(seguimos en la octava pascual reflexionando sobre las virtudes: hoy a partir del Evangelio de la misa)
“Estaba ya amaneciendo, cuando Jesús se presentó en la orilla; pero los discípulos no sabían que era Jesús. Jesús les dice: ‘Muchachos, ¿tenéis pescado?’ Ellos contestaron: ‘No’. Él les dice: ‘Echad la red a la derecha de la barca y encontraréis’. La echaron, y no podían sacarla, por la multitud de peces. Y aquel discípulo a quien Jesús amaba le dice a Pedro: ‘Es el Señor’” (Jn. 21,4-7).

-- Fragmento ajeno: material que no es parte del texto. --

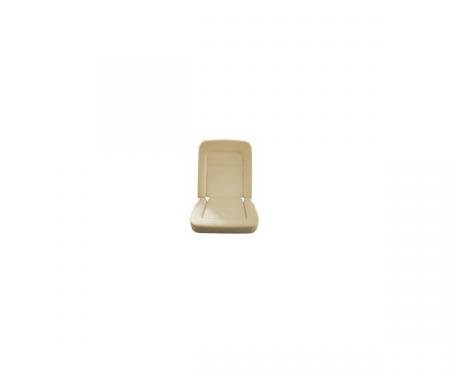 Mustang Seat Foam  - Standard Bucket Seat - Includes Seat Cushion And Seat Back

El amanecer es una hora de tránsito, de paso de la oscuridad a la luz. Aún no se ve con claridad, aún no se distingue con precisión, pero ya hay una promesa de luz que nace. Así es también el momento en que Jesús se manifiesta. Cuando no lo vemos del todo claro, cuando no lo reconocemos fácilmente, cuando nuestro corazón no está seguro pero desea creer, entonces Jesús se acerca y nos sorprende pidiéndonos. No porque necesite nada -Él lo tiene todo, lo es todo- sino porque quiere encontrarse con nosotros en nuestra pobreza, abrir un diálogo desde nuestro vacío, desde nuestra impotencia. Él se muestra mendigo para hacernos a nosotros hermanos.
Y nos pide confianza: “Echad la red a la derecha de la barca”. No les da una explicación, no les asegura el éxito, solo les invita a actuar fiándose. Lo asombroso es que lo hacen. No le han reconocido todavía, pero hay algo en su voz, en su presencia, que mueve al corazón a obedecer. Y ahí está el milagro. No lo alcanza la estrategia ni la experiencia de los pescadores, sino la obediencia confiada. La red se llena. Es entonces cuando el discípulo amado lo reconoce: “Es el Señor”. La abundancia no está al inicio del camino, sino al final de la confianza.
Jesús nos llama así: pidiendo algo que podemos darle, aunque nos parezca poca cosa. Y cuando respondemos, cuando nos fiamos de lo que no vemos con claridad, cuando obedecemos esa voz interior que nos invita a seguir, entonces se desborda la gracia. Y el alma, como Juan, exclama: “Es el Señor”. El fruto de la confianza es el reconocimiento. El don nace de la obediencia. Y en ese instante, el corazón ya no duda porque la luz ha llegado plenamente.
Señor Jesús, que al amanecer te acercas a mi orilla y me pides lo que no tengo, haz que mi corazón confíe totalmente en ti, incluso cuando no te reconozca, y que, obedeciendo tu voz, pueda recibir el don de verte y proclamar con amor: “Es el Señor”. Así sea.